SUPPLIED DATA Start Marker

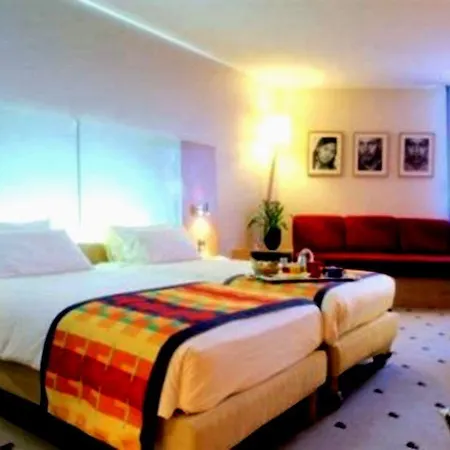 Radisson Airport Hotel 4*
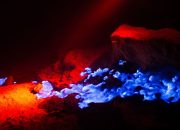 Kawah Ijen dan Eksplorasi Blue Fire yang Hanya Ada Dua di Dunia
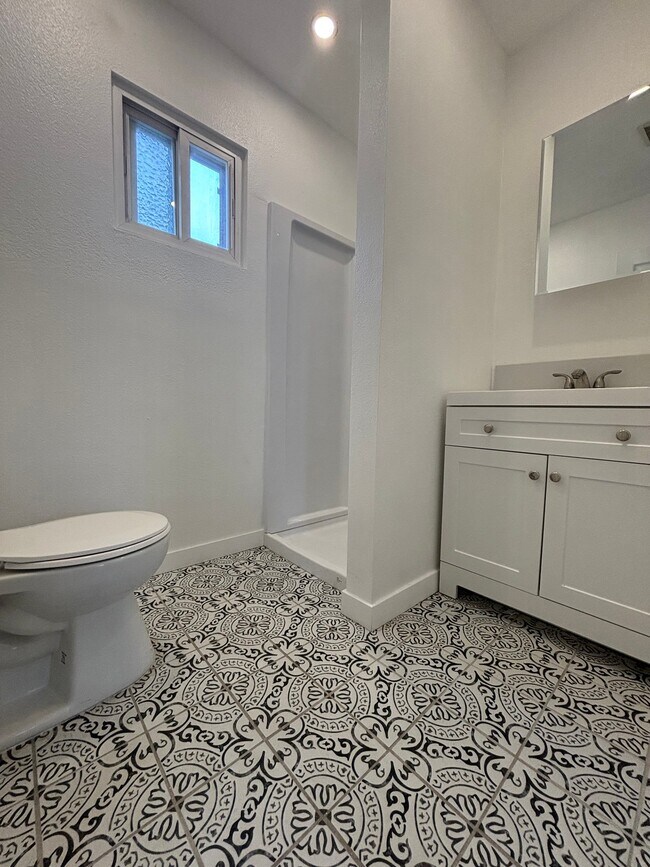 2132 W 84th Pl Unit House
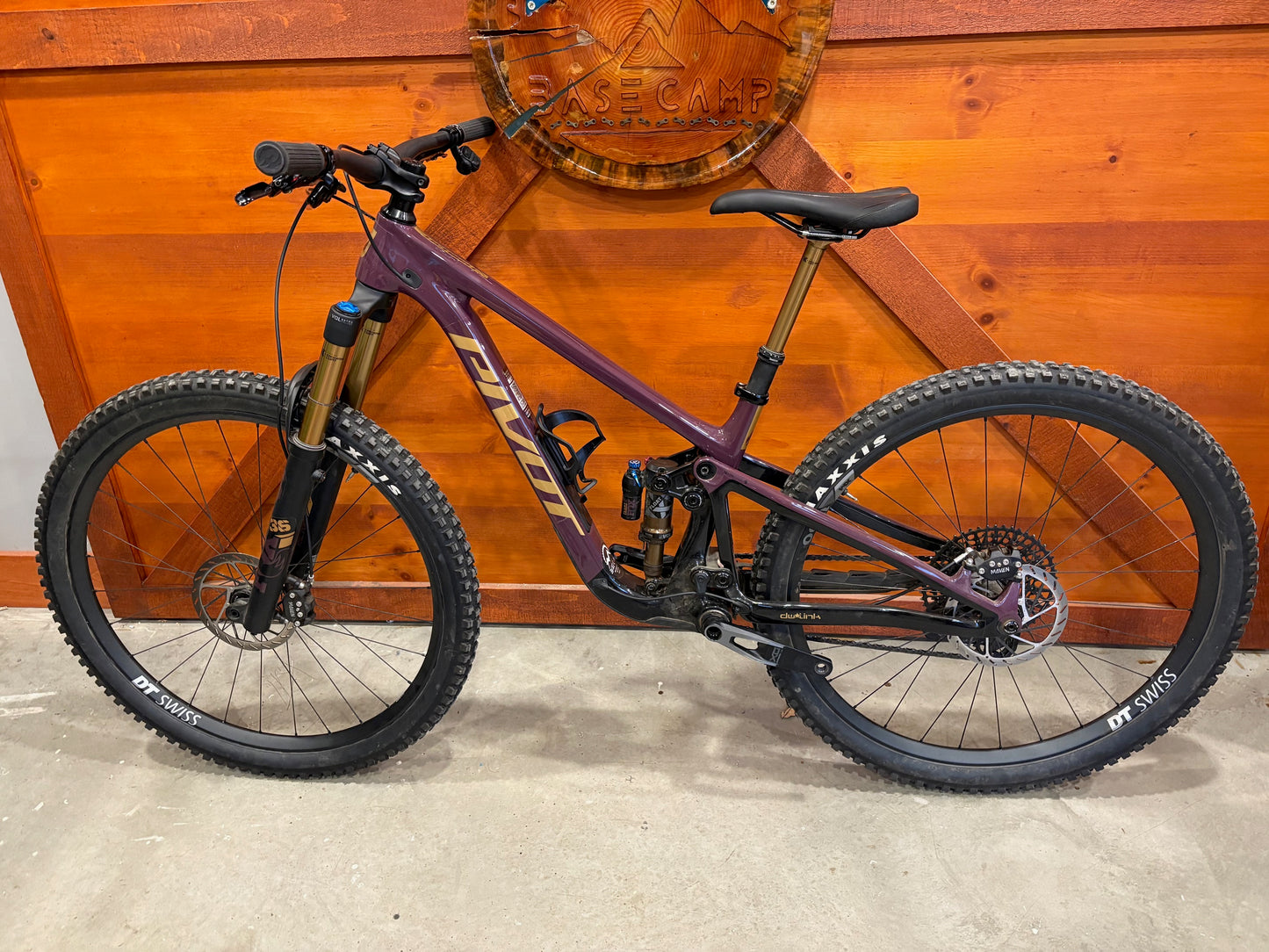 2025 Pivot Trailcat LT Pro XO AXS Small Demo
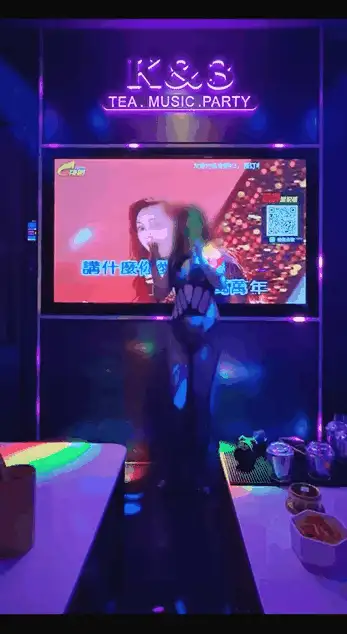 福利姬 顶级美乳九头身御姐阿罗拉合集60V/113P/2.02G【1+630M】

SUPPLIED DATA End Marker

• [PROBLEM]
The response should restate the material above word for word and contain no pictures.

• [EXERCISE RESULT]
 Radisson Airport Hotel 4*
 Kawah Ijen dan Eksplorasi Blue Fire yang Hanya Ada Dua di Dunia
 2132 W 84th Pl Unit House
 2025 Pivot Trailcat LT Pro XO AXS Small Demo
 福利姬 顶级美乳九头身御姐阿罗拉合集60V/113P/2.02G【1+630M】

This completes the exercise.